[DRBD-user] blocking I/O with drbd

Thu Dec 15 13:19:35 CET 2011

Hi all,

we've been using drbd for about six month now, and so far everything is
working pretty well. Our setup is like this with two identical machines
(besides the actual HDDs).

Dell 2950 III
- 16GB Ram, Dual-Quadcore Xeons 2.0GHz
- Redhat Enterprise Linux 5.7, 2.6.18-238.19.1.el5
- PERC6/i Raid-Controller
- 2 Disk OS, Raid 1 (sda)
- 4 Disk Content, Raid 10 (sdb)
- 500GB /dev/sdb5 extended partition
- LVM-Group 'content' on /dev/sdb5
- 400GB LVM-Volume 'data' created in LVM-Group 'content'
- DRBD with /dev/drbd0 on /dev/content/data (content being the
LVM-Group, data being the LVM-Volume)
- /dev/drbd0 is mounted with noatime,ext3-ordered-journaling and then
exported with nfs3 and and mounted by 8 machines (rhel5 entirely)
- replication is done using a dedicated nic with gbit

The DRBD-Version is
drbd 8.3.8-1
kmod 8.3.8.1

here is the information from /proc/drbd:

####
version: 8.3.8 (api:88/proto:86-94)
GIT-hash: d78846e52224fd00562f7c225bcc25b2d422321d build by
mockbuild at builder10.centos.org, 2010-06-04 08:04:09
 0: cs:Connected ro:Primary/Secondary ds:UpToDate/UpToDate B r----
    ns:91617716 nr:15706584 dw:107784232 dr:53529112 al:892898 bm:37118
lo:0 pe:0 ua:0 ap:0 ep:1 wo:b oos:0
####

This is the latest "official" Version available for CentOS/Redhat from
the CentOS-extras repo (as far as i know):

http://mirror.centos.org/centos/5/extras/x86_64/RPMS/

The configuration is identical on both nodes, looking like this:

# /etc/drbd.d/global_common.conf #
##################################
global {
        usage-count no;
}

common {
        protocol B;
        handlers {}
        startup {}
        disk {
                no-disk-barrier;
                no-disk-flushes;
                no-disk-drain;
        }
        net {
                max-buffers 8000;
                max-epoch-size 8000;
                unplug-watermark 1024;
                sndbuf-size 512k;
        }
        syncer {
                rate 25M;
                al-extents 3833;
        }
}
##################################

# /etc/drbd.d/production.conf #
##################################
resource eshop
{
  device    /dev/drbd0;
  disk      /dev/content/data;
  meta-disk internal;

  on nfs01.data.domain.de  {
    address   10.110.127.129:7789;
  }

  on fallback.dta.domain.de  {
    address   10.110.127.130:7789;
  }
}
##################################

The problem we have with this setup is quite complicated to explain. The
read/write-performance in daily production use is sufficient to not
effect the entire platform. The usual system-load viewed using top is
pretty low, usually between 0.5 and 3.

As soon as i produce some artifical i/o on /dev/drb0 on the master, the
load pretty much explodes (up to 15) because of blocking i/o. The i/o is
done with dd and pretty small files of bout 40MB:

dd if=/dev/zero of=./test-data.dd bs=4096 count=10240

Two successive runs like this, make the load go up as far as 10-12
rendering the whole system useless. In this state, a running dd can not
be interruped, the nfs-exports are totally inaccessible and the whole
production-system is at a stand still.

Using blktrace/blkparse one can see, that absolutely no i/o is possible.
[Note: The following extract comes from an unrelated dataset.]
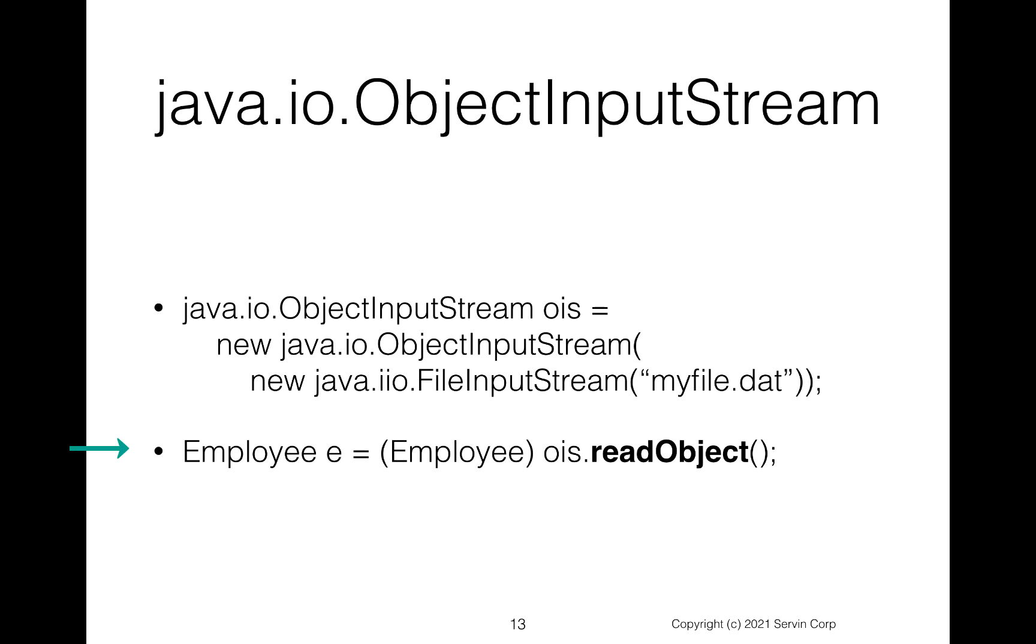And it'll read the object. Now notice when we read in the object, since it's literally reading in an object, we need to cast it to say, although we're reading in an object, what we want it to be is an employee object. So that's why you see we're putting that casting there in open and closed parentheses of employee. Make sure that we've cast this object to an employee.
'top' shows one or two cores at 100% wait:

###
Cpu0 : 0.0%us, 0.0%sy, 0.0%ni,100.0%id, 0.0%wa, 0.0%hi, 0.0%si, 0.0%st
Cpu1 : 0.0%us, 0.0%sy, 0.0%ni,100.0%id, 0.0%wa, 0.0%hi, 0.0%si, 0.0%st
Cpu2 : 0.0%us, 0.0%sy, 0.0%ni,100.0%id, 0.0%wa, 0.0%hi, 0.0%si, 0.0%st
Cpu3 : 0.0%us, 0.0%sy, 0.0%ni, 0.0%id,100.0%wa, 0.0%hi, 0.0%si, 0.0%st
Cpu4 : 0.0%us, 0.0%sy, 0.0%ni,100.0%id, 0.0%wa, 0.0%hi, 0.0%si, 0.0%st
Cpu5 : 0.0%us, 0.3%sy, 0.0%ni, 99.7%id, 0.0%wa, 0.0%hi, 0.0%si, 0.0%st
Cpu6 : 0.0%us, 0.3%sy, 0.0%ni, 99.7%id, 0.0%wa, 0.0%hi, 0.0%si, 0.0%st
Cpu7 : 0.0%us, 0.3%sy, 0.0%ni, 99.7%id, 0.0%wa, 0.0%hi, 0.0%si, 0.0%st
###

This lasts for about 3-4 minutes with the load slowly degrading.
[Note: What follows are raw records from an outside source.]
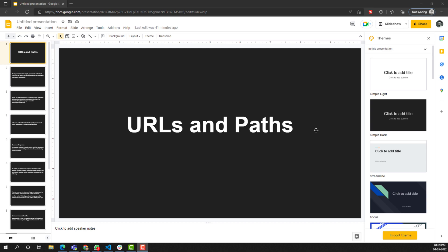Hi friends, this is Laila. Welcome to my channel Laila Web Dev. In this video, we will learn about URLs and paths.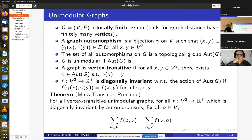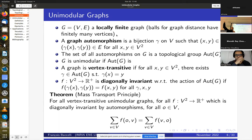The mass transport principle states that for all vertex-transitive unimodular graphs and all functions f with this invariance property, the total mass flowing from a fixed vertex to all others equals the total mass flowing from all other vertices to that vertex. That's the connection; now we go to unimodular random graphs.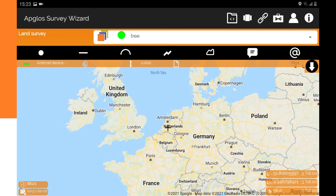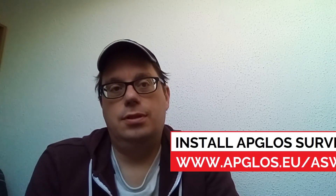We can start mapping. In this video, I explain how to map a point. We are in the mapping screen of Appgloss Survey Wizard. To map a point, there are some important things to keep in mind.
This behaviour can also be reproduced by using the megacli and querying
the raid-controller for information. A couple of successive runs result
in the above described behaviour.

And here comes the catch:
This only happens, if the drbd-layer is in use.
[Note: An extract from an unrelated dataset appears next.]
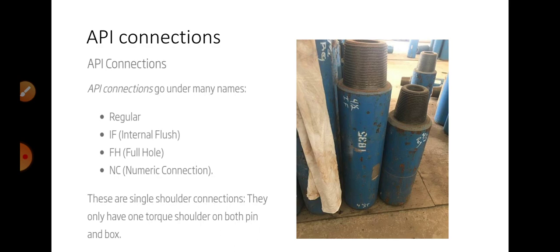The major difference between API connections and premium connections are torque shoulders. In API there is only one torque shoulder on both pin and box sides.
If i produce heavy i/o (100 runs of writing a 400MB) on
- the same block-device /dev/sdb
- in the same volume-group 'content'
- but on a newly created _different_ LVM-Volume
- without usind the drbd-layer

the system-load marginally rises, but i/o is never blocking.

Things i have tried:
- switching from protocol C to B
- disk: no-disk-barrier / no-disk-flushes / no-disk-drain;
- net: max-buffers / max-epoch-size / unplug-watermark / sndbuf-size
- syncer: rate, al-extents
- various caching settings on the raid-controller itself (using megacli)
- completely disabling drbd-replication to rule out the replication-setup
- ruled out faulty raid-controller battery which could force the
controller into writethrough mode instead of writeback
- checked/updated firmwares of hdds and raid-controllers
- went through the git-changelogs for drbd 8.3, but i cannot say for
sure which bug might or might not cause this behaviour. there are quite
a lot of changes which mention sync/resync/replication and the like
- newest RHEL5 kernel kernel-2.6.18-274.12.1.el5

Well, if you have gotten this far, thank you for your patience and for
staying with me :-)

If you have any suggestions on what could cause this behaviour, please
let me know.

greetings from germany
volker